Atezolizumab and bevacizumab demonstrate activity similar to anti-PD-1 antibodies alone for unresectable anal cancer. Our translational data identify undescribed chromosomal and transcriptomic biomarkers associated with survival for metastatic anal cancer. These correlative findings warrant confirmation and further validation in larger, prospective immunotherapy trials for advanced anal cancer.

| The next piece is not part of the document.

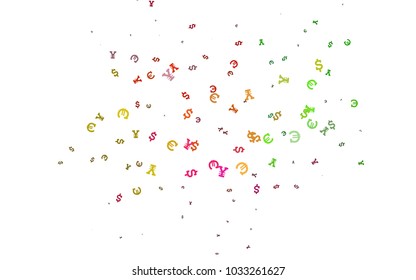 Light Multicolor, Rainbow vector template with Euro, Dollar, Yen. Colored symbols of all currency on white background. The pattern can be used as ads, poster, banner for payments.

抗程序性死亡配体1(PD-L1)抗体仅使不到25%的转移性人乳头瘤病毒相关恶性肿瘤患者产生反应。血管内皮生长因子(VEGF)信号传导可导致肿瘤内的免疫逃逸和免疫抑制。我们评估了抗PD-L1抗体阿替利珠单抗和抗VEGF抗体贝伐单抗用于不可切除的晚期肛管癌患者的疗效。
在这项II期研究中,既往接受过治疗但未接受过免疫治疗的肛管癌参与者每21天静脉注射阿替利珠单抗(1200mg)和贝伐单抗(15mg/kg)。每9周评估一次反应(实体瘤疗效评价标准1.1版)。主要终点是最佳影像学反应。采用Kaplan-Meier法估计中位生存期,并使用对数秩检验比较选定生物标志物(包括配对的治疗前和治疗时活检组织)的生存期。
20名参与者中,总缓解率为11%[95%置信区间(CI):1.2%-32%]。中位无进展生存期和总生存期分别为4.1个月(95%CI,2.6个月-不可评估)和11.6个月(95%CI,9.5个月-20个月)。发生了1例与贝伐单抗相关的5级肠穿孔。对16对活检组织的分析表明,IFN-γ(P=0.03)和炎症反应(P=0.02)基因表达特征的增加与无进展生存期延长相关,10对采用多重免疫荧光法检测的活检组织中CD3+CD8+PD1+细胞增加(P=0.02)和CD3+FoxP3+细胞减少(P=0.04)也与无进展生存期延长相关。以SBS31“铂类治疗前”特征为特点的肛管癌亚组的中位总生存期较短(风险比,6.3;95%CI,1.2-32;P=0.01)。
阿替利珠单抗和贝伐单抗对不可切除的肛管癌显示出与单独使用抗程序性死亡蛋白1(PD-1)抗体相似的活性。我们的转化医学数据确定了与转移性肛管癌生存相关的未描述的染色体和转录组生物标志物。这些相关性发现需要在更大规模的晚期肛管癌前瞻性免疫治疗试验中得到证实和进一步验证。